* Aim of the task *
Exclude the pictures. Transcribe, exactly as written, the lines from the one with "Benutzerdefinierte Authentisch Baseball-Trikot" through the end of the entries below.

* Extracted data entries *
═══
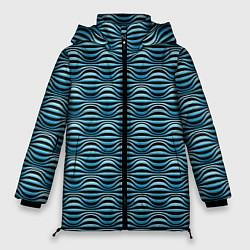 Куртка зимняя женская Объёмные полосы - оптическая иллюзия, цвет: 3D-черный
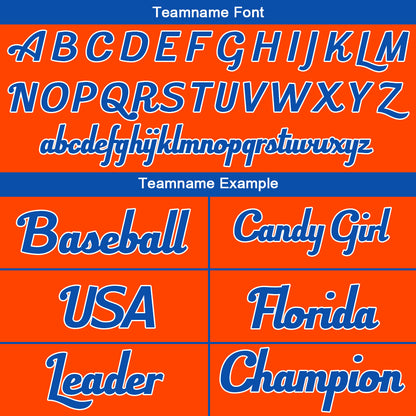 Benutzerdefinierte Authentisch Baseball-Trikot Orange-königlich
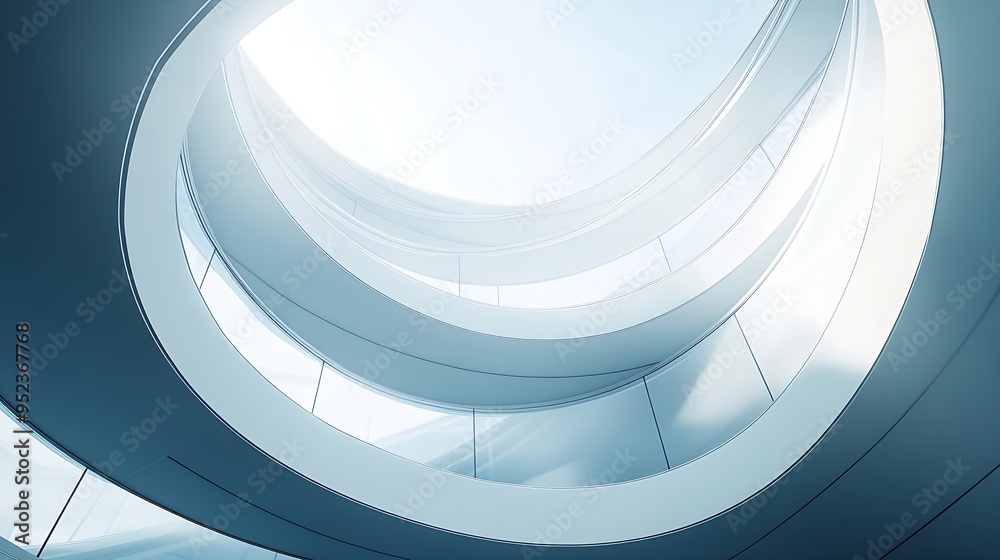 Poster Skylight Curved wall Abstract modern architecture Closeup fragment of interior Round structure of ceiling and roof Minimal futuristic office building background Geometric composition o : Generative AI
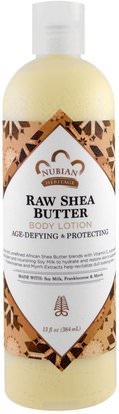 Nubian Heritage, Body Lotion, Raw Shea Butter, 13 fl oz (384 ml) ,حمام، الجمال، غسول الجسم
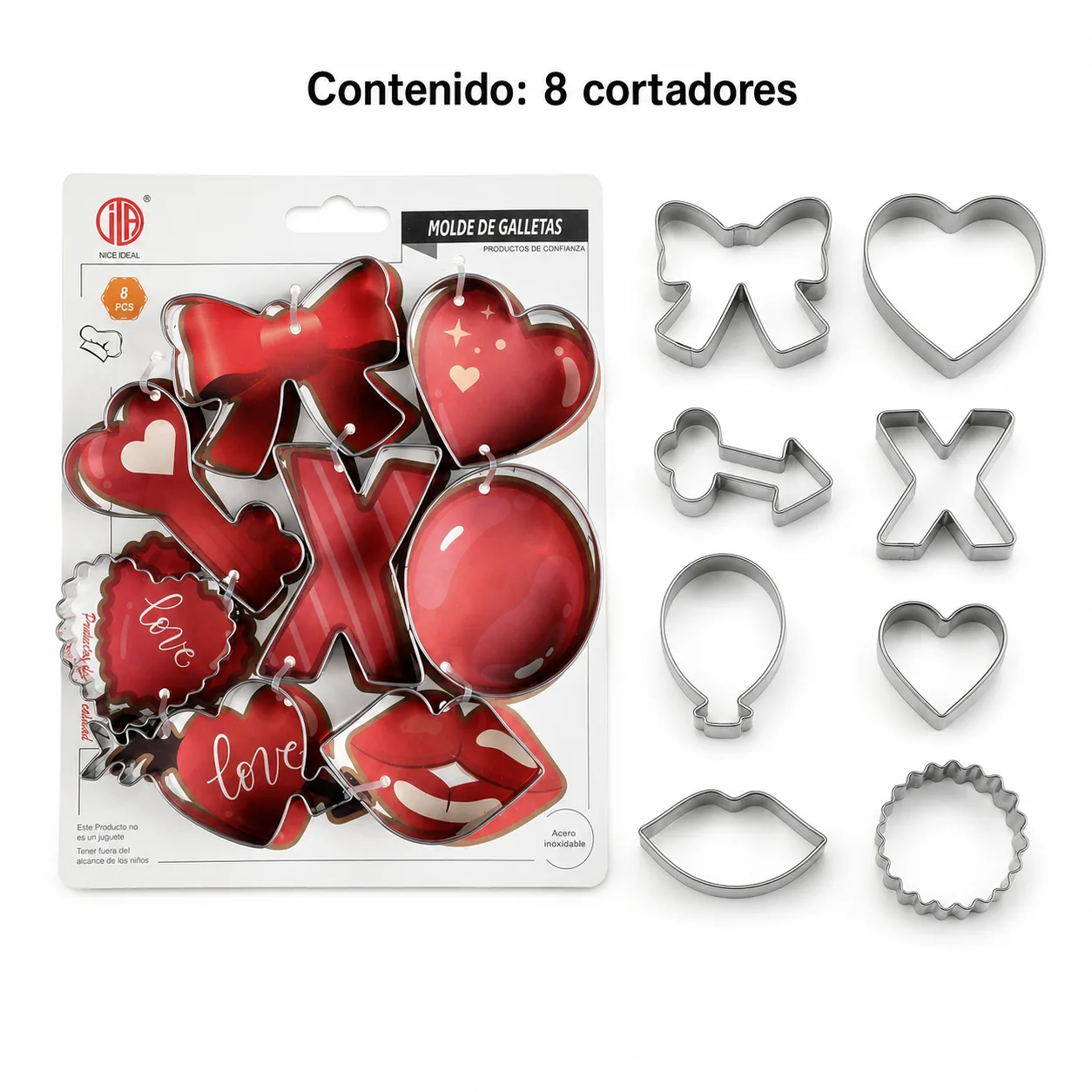 Contenido del paquete con 8 cortadores de galletas románticos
═══
* Task result *
 Benutzerdefinierte Authentisch Baseball-Trikot Orange-königlich
 Poster Skylight Curved wall Abstract modern architecture Closeup fragment of interior Round structure of ceiling and roof Minimal futuristic office building background Geometric composition o : Generative AI
 Nubian Heritage, Body Lotion, Raw Shea Butter, 13 fl oz (384 ml) ,حمام، الجمال، غسول الجسم
 Contenido del paquete con 8 cortadores de galletas románticos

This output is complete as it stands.